絶対評価について、文科省の調査(平成15年)によると、7割以上の中学教員が「入試にそぐわなくなった」「教員の評価活動が複雑になり余裕がなくなった」と感じている。
文科省では、小学校で23年度、中学で24年度から完全実施される新学習指導要領に合わせる形で見直しをはかる考えだが、議論百出が予想される。
愛知県内で学習塾を経営する教育コンサルタントの伊藤敏雄氏は、絶対評価について「テストが軽視され、仮に0点でも授業態度が良ければ『2』がつき、事実上『1』がない4段階評価に変わった。評価基準があいまいで教員の主観が入り、成績と学力が比例しなくなった。
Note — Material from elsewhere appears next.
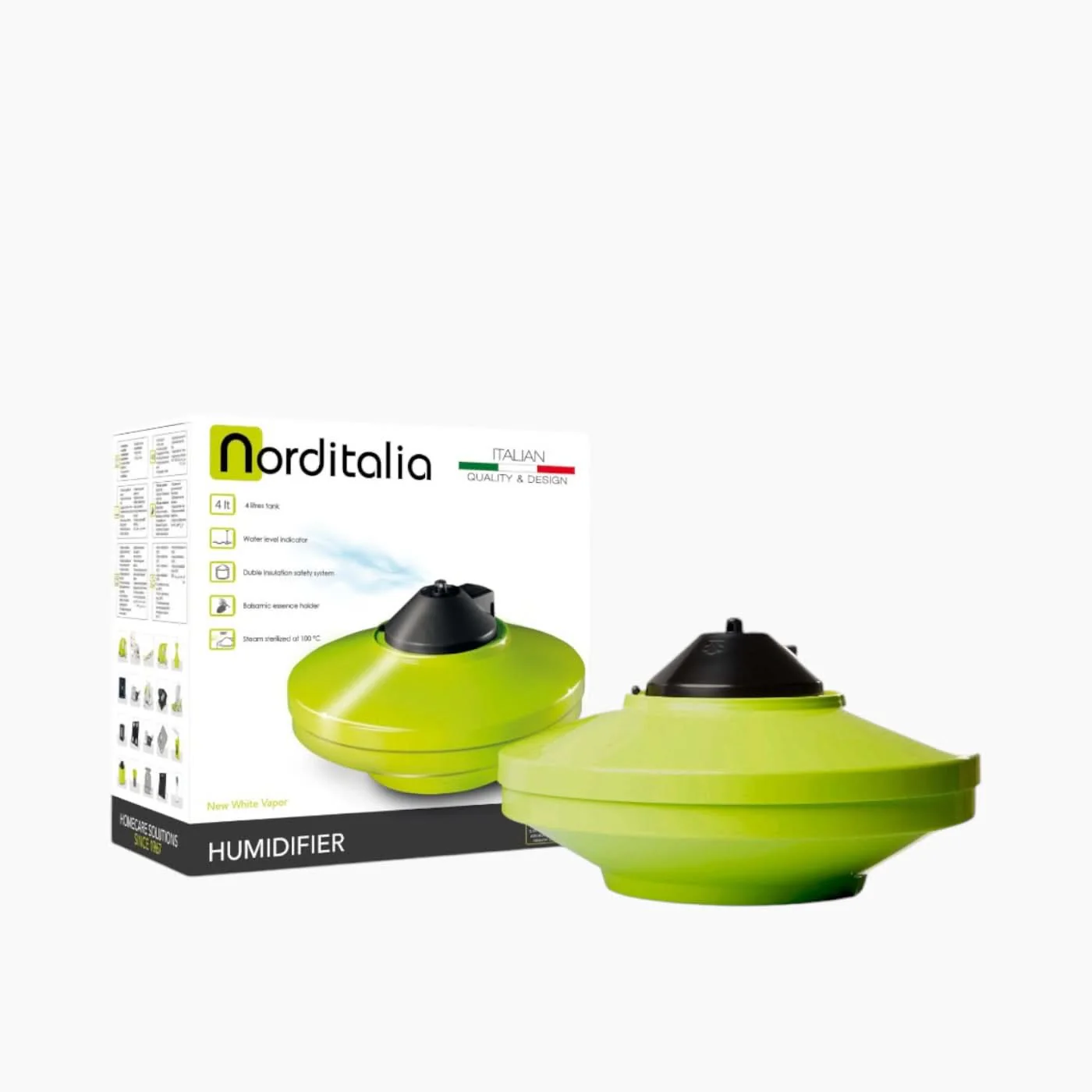 Norditalia Air Humidifier - Image 2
生徒の頑張り度合いと成績は分けて評価すべきだ」と話す。
全日本中学校長会長を務める草野一紀・東京都新宿区立牛込第二中学校長は「絶対評価は子供が努力した過程を記録できるので存続すべきだ」としつつも、「成績を甘くつければ高校入試が有利になる制度はおかしい。均一的で客観的な評価基準を徹底すべきだ」と指摘する。
森上教育研究所の森上展安所長は「学校の評定が『5』でも、塾のテストの偏差値は30台から60台まで割れる。通知表が信頼できない以上、各自治体は到達度テストを導入すべきではないか」と提案する。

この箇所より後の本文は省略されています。